The number of administrative staff with expertise in dealing with detainees should be increased. Special measures for detainees aged between 15 and 18 are a necessity for visits, communication, activities and motivating them to complete their studies.

Training for DDDC staff on dealing with elderly detainees and those with special needs, foreign nationals or those aged between 15 and 18 should be in place. Staff should also be trained in managing and assessing risks.

A suitable waiting area for visitors should be provided.

Measures should be taken to ensure detainees can contact their families upon arrival to DDDC.

Procedures to ensure detainees can inform their lawyers and families when they are transferred should be established. Risks should be assessed during transfer.

Waiting areas should be provided for detainees at courts.

Urgent action should be taken to install surveillance cameras to cover all the facilities of DDDC.

Written procedures and measures for the delivery and exchange of personal necessities of detainees should be put in place.

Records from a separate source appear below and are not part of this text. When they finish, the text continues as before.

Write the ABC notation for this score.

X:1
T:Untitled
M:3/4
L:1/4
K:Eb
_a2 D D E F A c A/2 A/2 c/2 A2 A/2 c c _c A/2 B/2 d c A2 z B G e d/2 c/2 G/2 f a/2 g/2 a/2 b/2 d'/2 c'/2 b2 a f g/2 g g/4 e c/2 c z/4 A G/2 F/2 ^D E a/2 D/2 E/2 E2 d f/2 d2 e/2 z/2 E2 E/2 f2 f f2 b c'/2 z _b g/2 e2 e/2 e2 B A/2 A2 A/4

Educational, cultural plans and programs for all detainees should be developed. Detainees should be also motivated and encouraged to participate in such programs.

Well trained and qualified staff to oversee the learning and skill acquisition programs should be provided with the provision of suitable places.

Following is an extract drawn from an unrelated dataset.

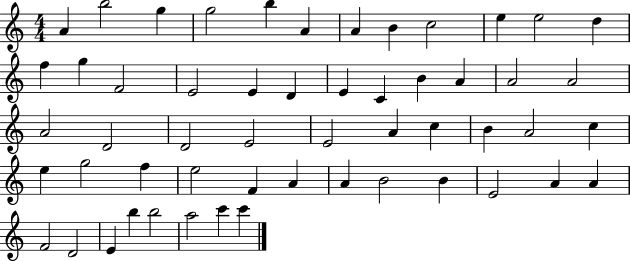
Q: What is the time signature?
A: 4/4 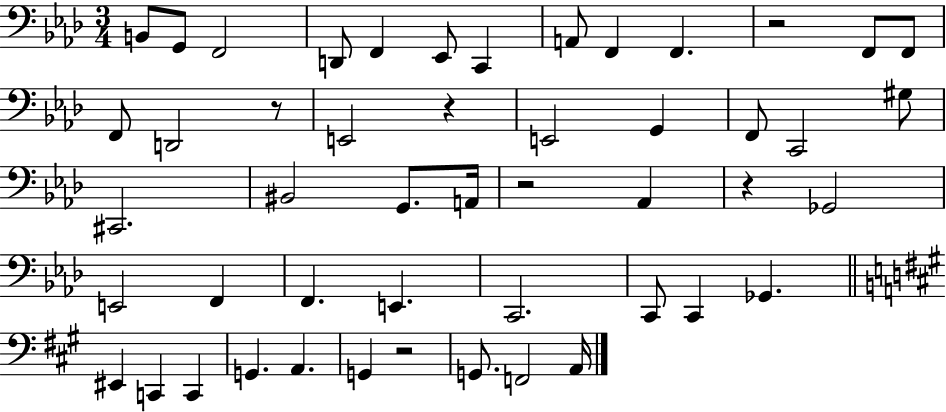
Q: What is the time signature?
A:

Procedures for the legal use of force in DDDC should be established with the provision of proper training for the staff.

A library should be provided as well as proper procedures to guarantee the delivery of reading materials.

Specific Recommendation for Rights and Safeguards:

Publications covering the rights and duties of DDDC in several languages and in Braille (for the blind) should be given to detainees upon arrival.

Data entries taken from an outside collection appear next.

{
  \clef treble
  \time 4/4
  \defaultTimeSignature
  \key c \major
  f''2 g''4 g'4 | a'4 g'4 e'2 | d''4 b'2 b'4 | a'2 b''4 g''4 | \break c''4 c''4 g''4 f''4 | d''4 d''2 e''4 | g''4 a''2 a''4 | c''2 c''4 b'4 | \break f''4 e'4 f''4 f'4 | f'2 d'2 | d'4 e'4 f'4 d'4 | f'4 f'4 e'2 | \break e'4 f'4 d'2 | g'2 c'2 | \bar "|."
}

Written procedures for complaints and grievances and for the protection of complainants in order to ensure privacy and follow-up should be available.

Special Healthcare Recommendations:

Increase the number of medical professionals, provide a dental clinic and a trained mental health team.

Establish programs for health promotion and awareness among the detainees and the DDDC staff.

Take the necessary measures to raise the level of awareness among staff and detainees on ways to deal with patients and explain the concept of medical isolation.

Increase the number of administrative staff at the health center, provide an infection control team and activate the administrative supervision over the clinic and its staff.

Develop measures to ensure the provision of translation services for detainees during their visit to the health centre.

Develop a mechanism to guarantee the provision of special diets for detained patients.